To measure whether both inhibitors also affect the interaction of KRas with PDEδ, MDCK cells were transiently transfected with mCitrine-KRas and mCherry-PDEδ. The cytosolic fraction of KRas is much lower than the one of Rheb due to its higher PM affinity caused by its polybasic stretch⁵. This leads to a smaller fraction of mCitrine-KRas interacting with mCherry-PDEδ at steady state in the cytoplasm, making the interaction difficult to detect with FLIM-FRET. To increase the fraction of KRas that interacts with PDEδ, the Protein Kinase C (PKC) activator Bryostatin, which induces serine (S181) phosphorylation on KRas¹⁷, was applied, resulting in a reduced electrostatic interaction with the PM and increased cytosolic pool of mCitrine-KRas. Subsequent addition of 5 μM Deltazinone 1 (Fig. 2c) or Deltarasin (Fig. 2d) abolished the interaction between mCitrine-KRas and mCherry-PDEδ and resulted in relocalization of KRas to endomembranes.

Deltazinone 1 impairs growth of KRas-dependent hPDAC cells

To compare the effects of PDEδ knockdown with small-molecule PDEδ inhibition on proliferation, impedance-based real-time cell analyser (RTCA) measurements were performed in a panel of pancreatic cancer cell lines (Table 2, Fig. 3).
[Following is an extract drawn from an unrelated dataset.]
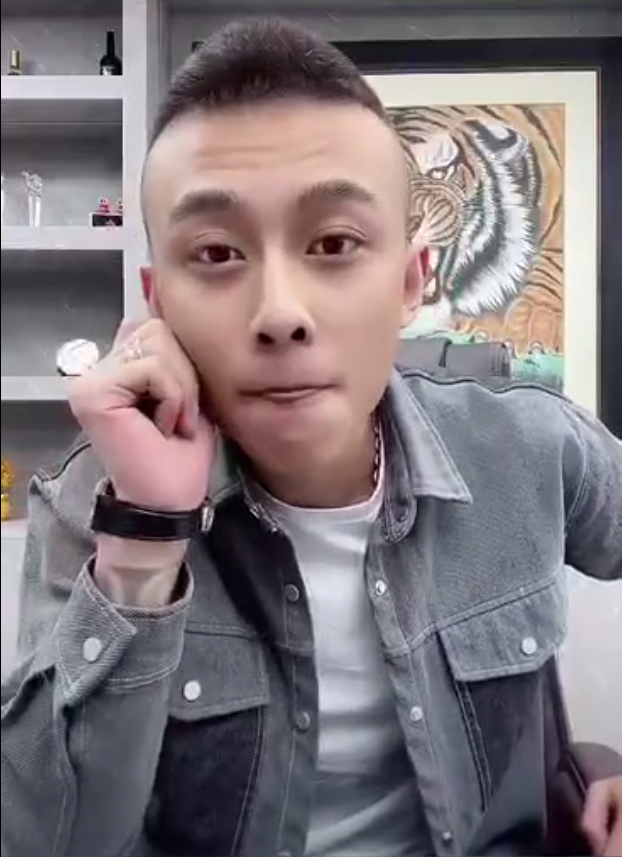蛋蛋向某男明星示爱托多人帮联系818八卦回老家发展被质疑遭开除了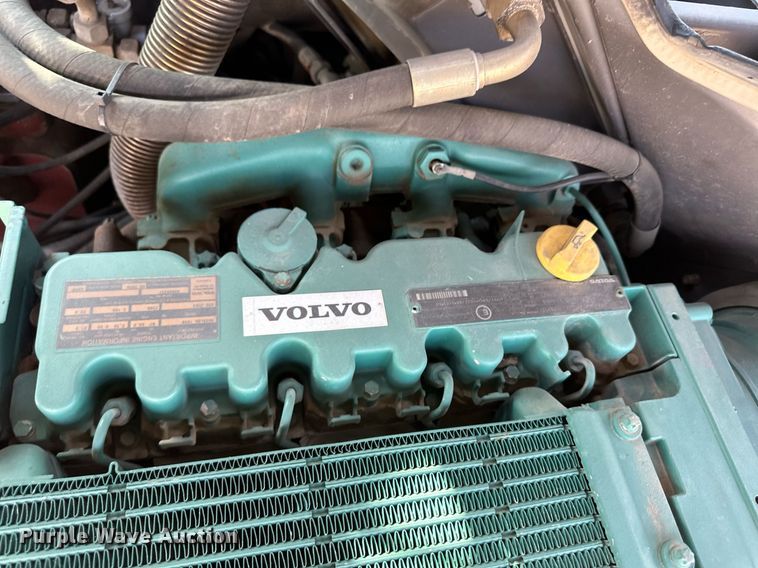 image for item DV2789 2004 Volvo L30B wheel loader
For this, all pancreatic cancer cell lines were transduced with the previously reported doxycycline-induced short hairpin RNA (shRNA) construct against PDEδ¹³.

Table 2 Overview of pancreatic cancer cell lines used in this study including KRas mutation and oncogenic KRas-dependence.
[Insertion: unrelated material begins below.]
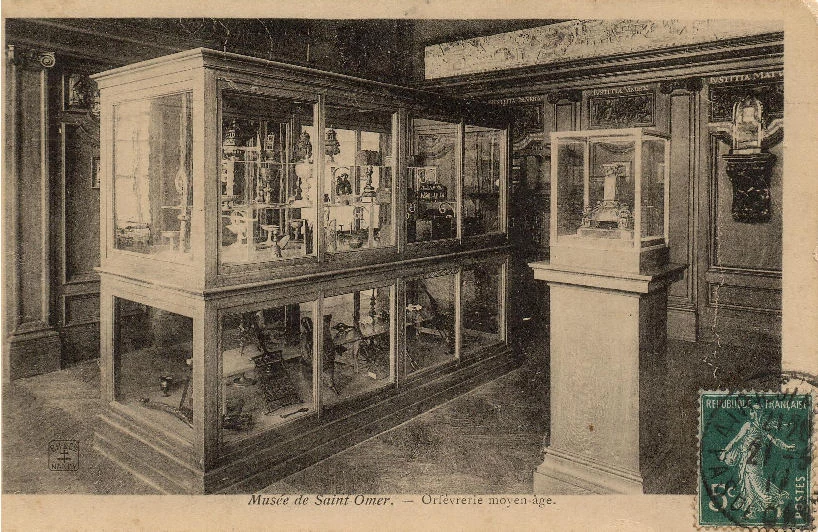 (e)- Dans la  salle suivante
Figure 3: Comparison of the RTCA growth profiles of pancreatic cancer cell lines after PDEδ knockdown to PDEδ inhibition by Deltazinone 1 or Deltarasin.

The first column (a) shows the effects of doxycycline-induced PDEδ knockdown on cell proliferation. Cell indices were measured in the presence (red) or absence (black) of doxycycline. Doxycycline was added at the beginning of the measurement. The inset in each profile displays the respective PDEδ protein levels determined by western blot in absence and presence of doxycycline after 72 h. The second (b) and third column (c) show dose-dependent effects of Deltazinone 1 and Deltarasin on cell proliferation, respectively. The small-molecule PDEδ inhibitors were added at the indicated time points (arrow) and concentrations. The cell indices were normalized to the time of administration. Cell indices±s.d. were measured in duplicates (Capan-1, MIA PaCa-2 and BxPC-3) or triplicates (Panc-Tu-I and PANC-1). (d) Deltazinone 1 or Deltarasin dose versus growth-rate±s.d. as determined by the integrated area below the curve in the first 60 h after drug administration, normalized to the DMSO control. (e) Time interval between PDEδ inhibitor administration and observed cell death in Panc-Tu-I cells. The mean intervals±s.d. are depicted for each drug.

The doxycycline-induced PDEδ knockdown in the oncogenic KRas-dependent human carcinoma cell lines Panc-Tu-I, Capan-1 and MIA PaCa-2 (refs 18, 19) resulted in a strongly reduced proliferation after 70–110 h (Fig. 3a), whereas treatment of the parental cell lines with doxycycline did not alter their proliferation (Supplementary Fig. 3).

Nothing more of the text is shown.